-- THE DATA --
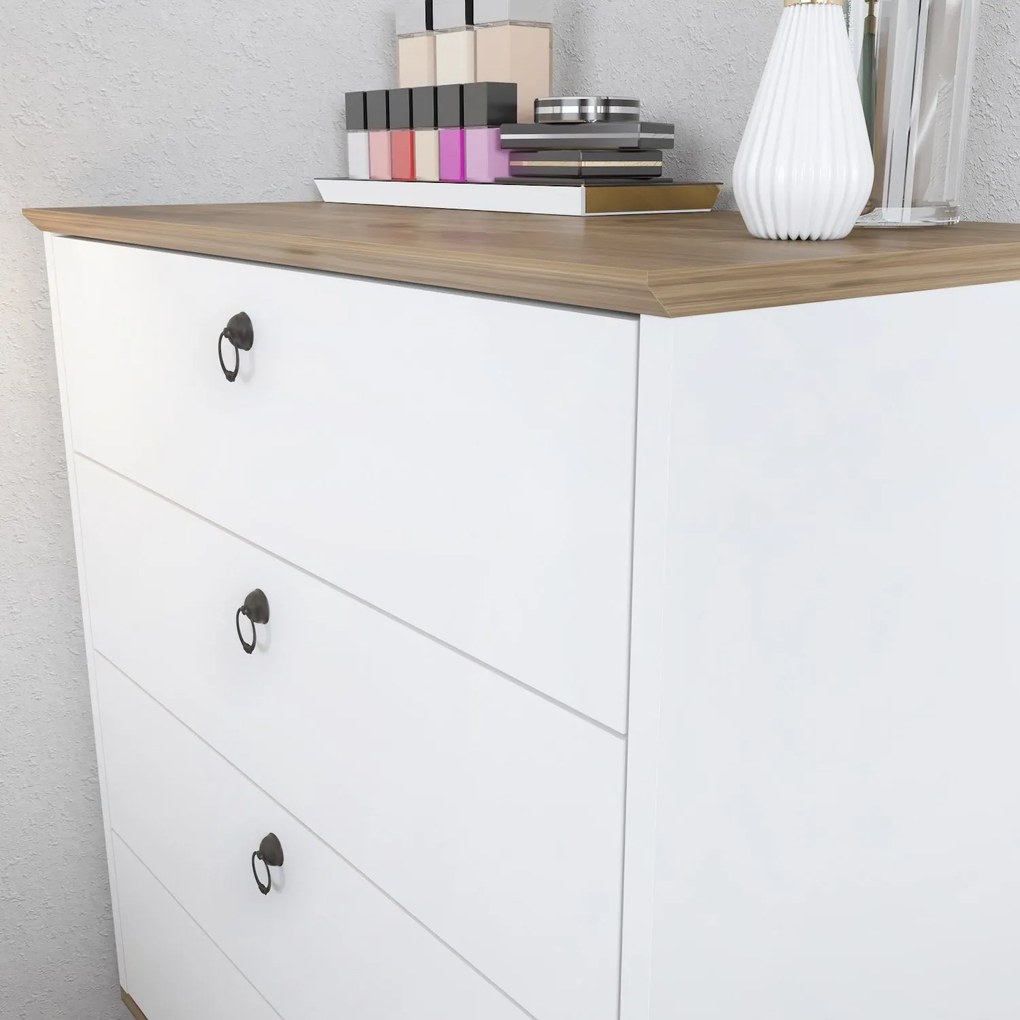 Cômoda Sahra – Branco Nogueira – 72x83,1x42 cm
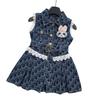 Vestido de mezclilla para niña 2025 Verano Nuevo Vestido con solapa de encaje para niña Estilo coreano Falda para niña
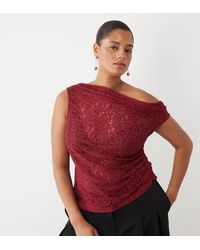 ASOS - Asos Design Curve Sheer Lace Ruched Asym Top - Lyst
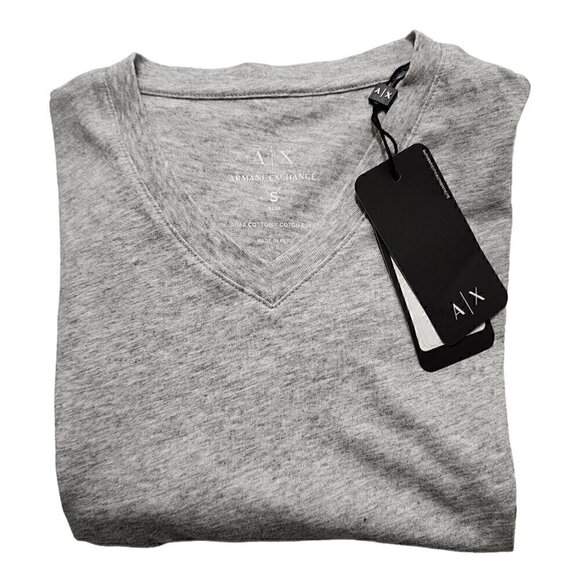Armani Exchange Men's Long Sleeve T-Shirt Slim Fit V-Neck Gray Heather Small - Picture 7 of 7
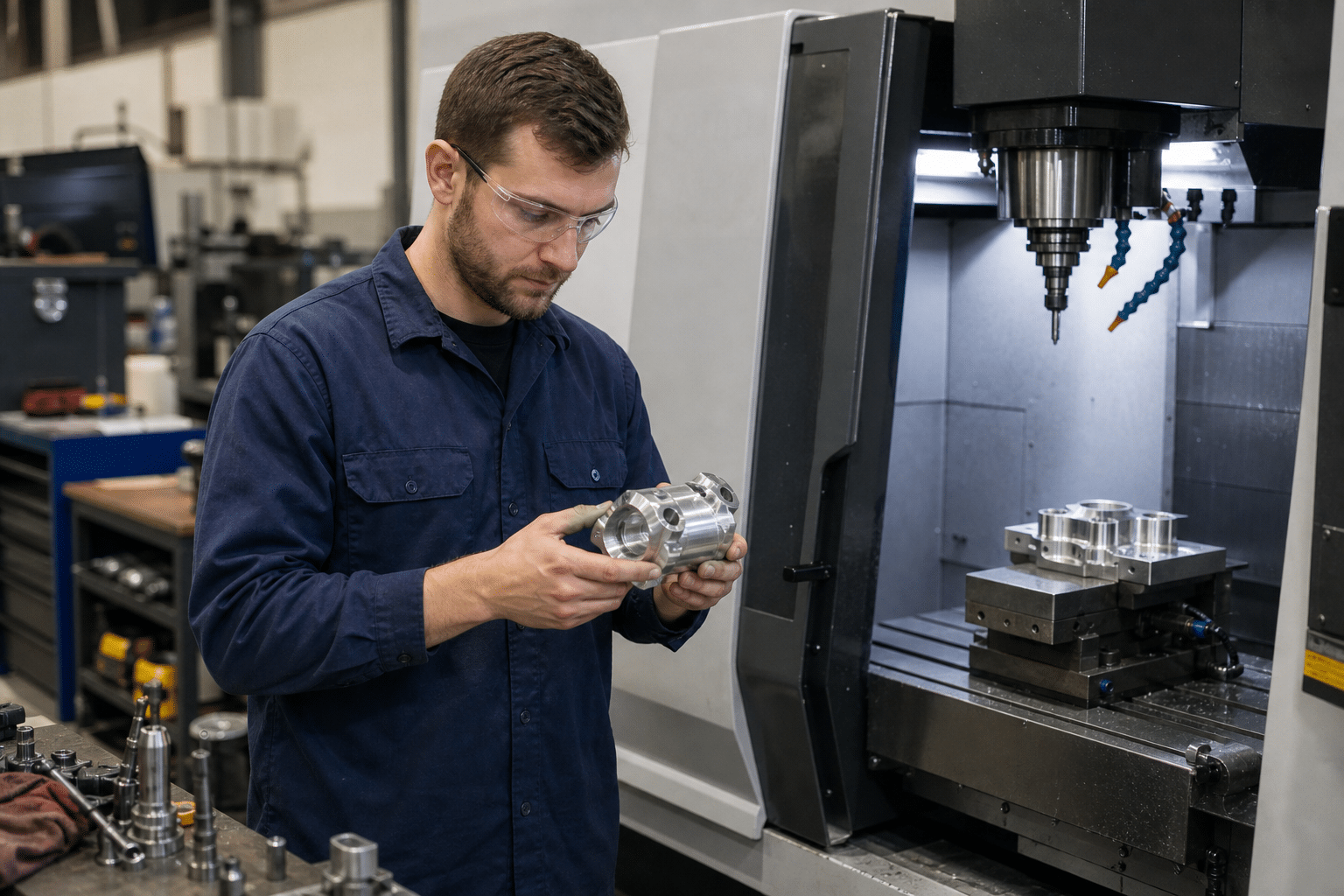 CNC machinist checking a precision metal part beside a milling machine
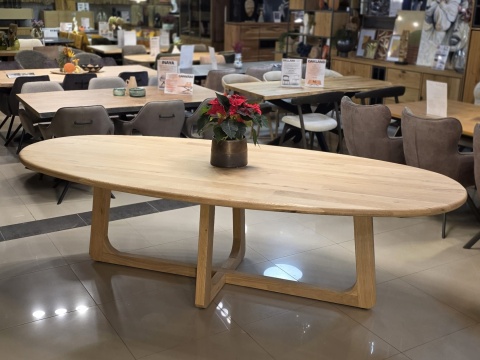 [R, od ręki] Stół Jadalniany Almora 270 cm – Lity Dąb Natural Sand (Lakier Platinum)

--

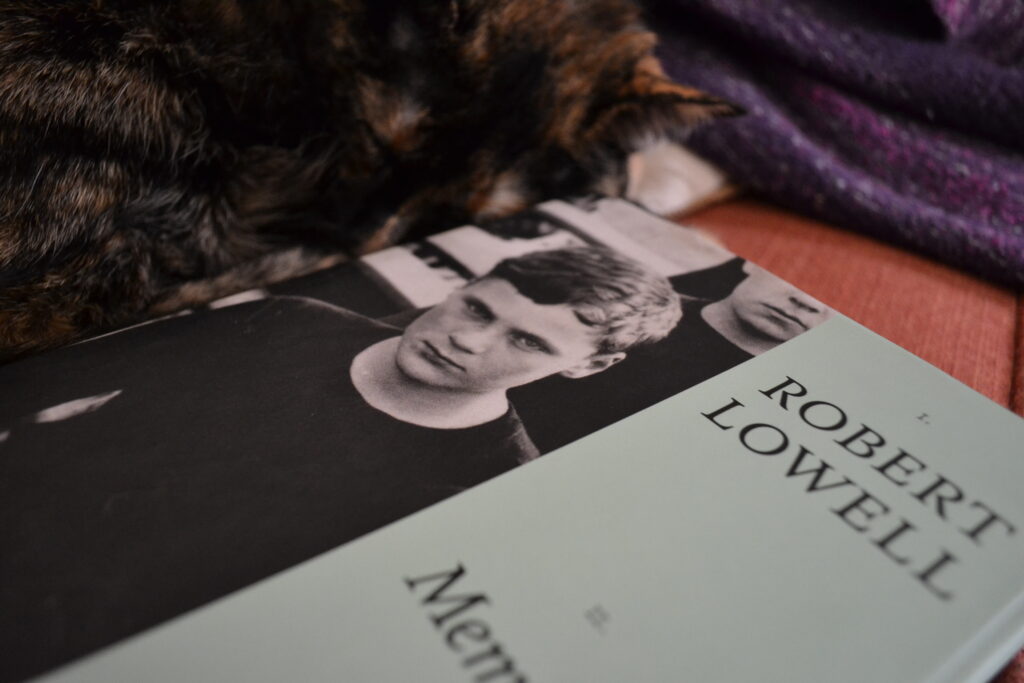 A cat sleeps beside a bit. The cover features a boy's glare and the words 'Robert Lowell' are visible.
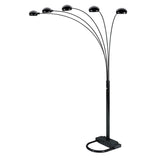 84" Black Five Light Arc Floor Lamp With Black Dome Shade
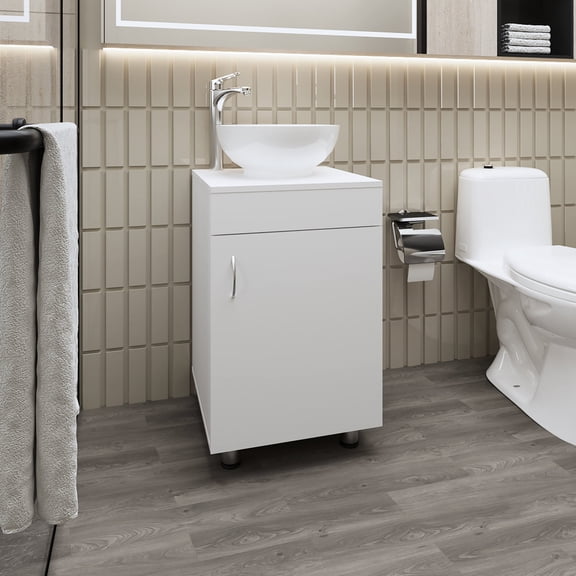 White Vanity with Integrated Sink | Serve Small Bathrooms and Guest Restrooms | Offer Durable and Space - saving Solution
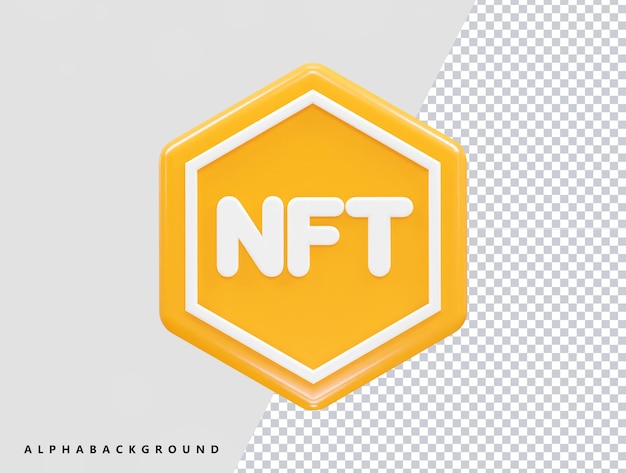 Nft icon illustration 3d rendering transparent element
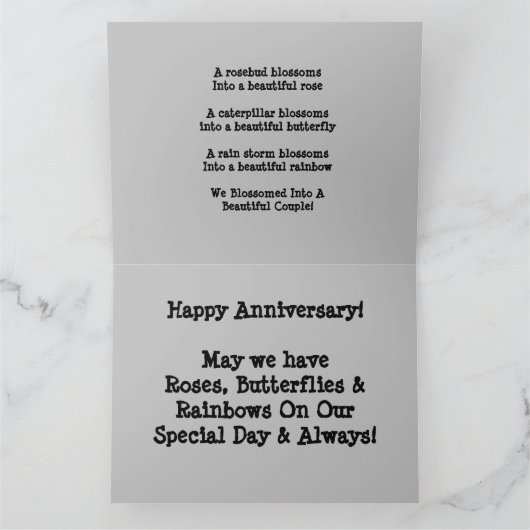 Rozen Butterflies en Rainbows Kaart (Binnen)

-- TRY IT --
Leaving all pictures out, output exactly the lines of the material above from the line with "Cômoda Sahra –" to the line with "[R, od ręki]", both included.

-- EXERCISE SOLUTION --
 Cômoda Sahra – Branco Nogueira – 72x83,1x42 cm
 Vestido de mezclilla para niña 2025 Verano Nuevo Vestido con solapa de encaje para niña Estilo coreano Falda para niña
 ASOS - Asos Design Curve Sheer Lace Ruched Asym Top - Lyst
Armani Exchange Men's Long Sleeve T-Shirt Slim Fit V-Neck Gray Heather Small - Picture 7 of 7
 CNC machinist checking a precision metal part beside a milling machine
 [R, od ręki] Stół Jadalniany Almora 270 cm – Lity Dąb Natural Sand (Lakier Platinum)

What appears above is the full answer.